Pasternak no es un autor “antisoviético”, la suya no es una obra de denuncia política. Se sitúa en un plano totalmente distinto, desvela la mentira más radical de la ideología, del poder, es decir, su pretensión de manipular la realidad, de constreñir la vida dentro de esquemas abstractos, prefabricados, que forzosamente se vuelven violentas imposiciones. ¿Qué contrapone Zhivago-Pasternak al vacío de la ideología y al horror de la guerra y de la muerte? El mismo nombre del protagonista de la novela nos lo sugiere: el significado de Zhivago, en el eslavo eclesiástico, es “viviente”. No un hombre perfecto, coherente, racional, sino un hombre vivo, lleno de contradicciones, un hombre que sufre, ama, reconocer su necesidad de ser perdonado y salvado.

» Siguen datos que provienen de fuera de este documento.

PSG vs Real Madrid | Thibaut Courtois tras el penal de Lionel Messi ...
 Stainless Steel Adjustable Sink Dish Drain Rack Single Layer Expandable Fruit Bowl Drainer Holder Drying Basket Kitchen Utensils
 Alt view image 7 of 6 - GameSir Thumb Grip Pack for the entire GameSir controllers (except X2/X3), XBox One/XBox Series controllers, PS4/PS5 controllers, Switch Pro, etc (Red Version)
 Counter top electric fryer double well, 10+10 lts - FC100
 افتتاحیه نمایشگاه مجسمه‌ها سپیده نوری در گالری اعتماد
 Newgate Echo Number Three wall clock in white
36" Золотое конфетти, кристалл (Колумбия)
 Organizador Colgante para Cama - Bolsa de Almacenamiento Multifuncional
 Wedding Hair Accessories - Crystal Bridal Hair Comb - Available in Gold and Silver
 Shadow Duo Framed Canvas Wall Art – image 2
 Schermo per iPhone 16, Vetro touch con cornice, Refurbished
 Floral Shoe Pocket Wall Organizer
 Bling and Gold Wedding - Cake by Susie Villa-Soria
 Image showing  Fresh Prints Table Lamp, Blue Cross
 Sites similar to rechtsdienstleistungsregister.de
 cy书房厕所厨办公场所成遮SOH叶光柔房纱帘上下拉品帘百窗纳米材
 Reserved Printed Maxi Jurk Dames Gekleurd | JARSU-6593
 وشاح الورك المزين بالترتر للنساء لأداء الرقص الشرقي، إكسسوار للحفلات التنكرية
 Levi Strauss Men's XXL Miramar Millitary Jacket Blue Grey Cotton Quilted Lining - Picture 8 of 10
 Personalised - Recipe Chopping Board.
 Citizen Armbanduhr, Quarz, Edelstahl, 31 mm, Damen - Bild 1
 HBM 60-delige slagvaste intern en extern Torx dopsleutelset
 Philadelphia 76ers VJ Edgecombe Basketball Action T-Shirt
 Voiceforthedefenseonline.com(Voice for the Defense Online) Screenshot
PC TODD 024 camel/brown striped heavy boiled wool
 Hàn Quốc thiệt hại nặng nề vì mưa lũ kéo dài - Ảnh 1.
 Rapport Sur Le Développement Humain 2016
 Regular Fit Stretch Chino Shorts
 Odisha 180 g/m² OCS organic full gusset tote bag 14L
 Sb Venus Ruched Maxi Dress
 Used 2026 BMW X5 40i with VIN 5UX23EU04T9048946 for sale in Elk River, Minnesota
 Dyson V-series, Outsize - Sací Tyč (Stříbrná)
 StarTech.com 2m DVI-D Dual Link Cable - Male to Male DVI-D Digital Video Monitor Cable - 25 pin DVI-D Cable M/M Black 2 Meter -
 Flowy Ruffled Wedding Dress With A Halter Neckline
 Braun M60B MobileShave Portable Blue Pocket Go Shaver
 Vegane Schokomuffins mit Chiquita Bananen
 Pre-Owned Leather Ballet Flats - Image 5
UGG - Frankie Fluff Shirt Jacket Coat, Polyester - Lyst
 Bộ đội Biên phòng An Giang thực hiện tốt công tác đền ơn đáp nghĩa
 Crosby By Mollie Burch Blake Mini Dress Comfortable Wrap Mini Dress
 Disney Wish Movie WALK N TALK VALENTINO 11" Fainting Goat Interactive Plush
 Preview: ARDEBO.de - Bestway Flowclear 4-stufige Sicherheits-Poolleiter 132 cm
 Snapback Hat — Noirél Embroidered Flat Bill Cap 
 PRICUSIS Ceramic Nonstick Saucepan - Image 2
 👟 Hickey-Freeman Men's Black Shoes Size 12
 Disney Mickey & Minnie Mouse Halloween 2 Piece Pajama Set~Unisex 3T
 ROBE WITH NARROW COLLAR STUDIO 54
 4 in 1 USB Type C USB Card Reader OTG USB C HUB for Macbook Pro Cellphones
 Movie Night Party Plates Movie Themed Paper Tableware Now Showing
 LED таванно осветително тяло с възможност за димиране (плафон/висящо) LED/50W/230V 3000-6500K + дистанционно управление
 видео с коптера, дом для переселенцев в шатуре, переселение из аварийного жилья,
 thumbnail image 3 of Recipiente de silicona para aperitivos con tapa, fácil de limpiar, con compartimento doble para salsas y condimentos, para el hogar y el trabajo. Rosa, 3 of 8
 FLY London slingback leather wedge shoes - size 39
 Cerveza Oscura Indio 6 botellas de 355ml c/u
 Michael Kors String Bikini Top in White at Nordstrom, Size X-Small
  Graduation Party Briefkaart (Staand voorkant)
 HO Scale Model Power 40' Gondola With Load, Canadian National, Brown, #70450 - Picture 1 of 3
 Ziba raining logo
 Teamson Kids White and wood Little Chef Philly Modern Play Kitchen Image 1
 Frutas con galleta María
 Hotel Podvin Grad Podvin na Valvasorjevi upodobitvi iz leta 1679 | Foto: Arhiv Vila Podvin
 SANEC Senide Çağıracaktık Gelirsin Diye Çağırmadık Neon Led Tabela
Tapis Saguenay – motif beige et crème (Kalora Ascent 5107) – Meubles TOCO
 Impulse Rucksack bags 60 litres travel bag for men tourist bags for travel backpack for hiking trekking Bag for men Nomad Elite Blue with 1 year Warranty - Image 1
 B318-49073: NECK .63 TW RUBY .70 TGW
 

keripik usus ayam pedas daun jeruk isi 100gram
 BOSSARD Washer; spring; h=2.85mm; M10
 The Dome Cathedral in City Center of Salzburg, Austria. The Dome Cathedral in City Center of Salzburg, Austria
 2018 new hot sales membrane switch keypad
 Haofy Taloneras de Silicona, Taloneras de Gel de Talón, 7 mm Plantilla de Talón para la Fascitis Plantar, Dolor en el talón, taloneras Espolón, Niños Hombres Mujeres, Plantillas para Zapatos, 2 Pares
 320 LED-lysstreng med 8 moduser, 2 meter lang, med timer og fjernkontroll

En Hamlet, que abre el ciclo de poesías escritas por el doctor Zhivago y publicadas como apéndice a la novela, un actor sale al escenario, al escenario artístico y al teatro de la vida individual y la del Hijo del Hombre, para recitar la tragedia shakespeariana y al mismo tiempo para vivir su destino personal y la oración de Jesús en el huerto de Getsemaní. Siente toda la grandeza de la vocación que le ha sido dada (“amo tu obstinado designio / y de acuerdo, recitaré esta parte”) y al mismo tiempo el peso inminente que se cierne sobre él, “estoy solo, todo se hunde en el fariseísmo”. “Vivir una vida no es atravesar un campo”, como dice al terminar el poema. Es, por tanto, reconocer el dramático y apasionante viaje que cada uno realiza en diálogo con Dios.